The Bill of Rights 1688
When King William III and Queen Mary II were offered the crown, it was accompanied by a Declaration of Rights, this became the Bill of Rights and was a significant landmark in the long struggle that had been going on between monarch and Parliament during the reign of the Stuart Kings. The Bill of Rights limited the Sovereigns power in several important areas.
The suspending of laws or exempting individuals from those laws, by royal authority was no longer allowed. The monarch could levy no taxes, nor keep a free standing army and Parliament should be free in it’s electing and it should be able to meet regularly and freely.
This critical document occurred in the period of enlightenment and there is an excellent reference in the House of Commons Library House of Commons Library link to document and discourse on the Bill of Rights which helps to set the context of the document for social and for family history purposes. There seems little point trying to precis as it is such a considered work in itself but referenced to the related documents and you have the essence of why England and eventually the UK, is, as we see it today.
“It is one of the four great historic documents which regulate the relations between the Crown and the people, the others being: the Magna Carta (as confirmed by Edward I, 1297), the Petition of Right (1627) and the Act of Settlement (1700). To this list of fundamental constitutional documents should be added the recent Human Rights Act 1998.”
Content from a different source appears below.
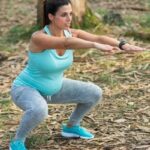 fit pregnant mom squatting in nature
All people of a nation are obviously subject to and impacted by such substantive legislation, which culminated in the exile of King James II and the accession to the throne of William of Orange and Mary. Its intentions were: to depose James II for misgovernment; to determine the succession to the Throne; to curb future arbitrary behaviour of the monarch; and to guarantee parliament’s powers vis a vis the Crown, thereby establishing a constitutional monarchy.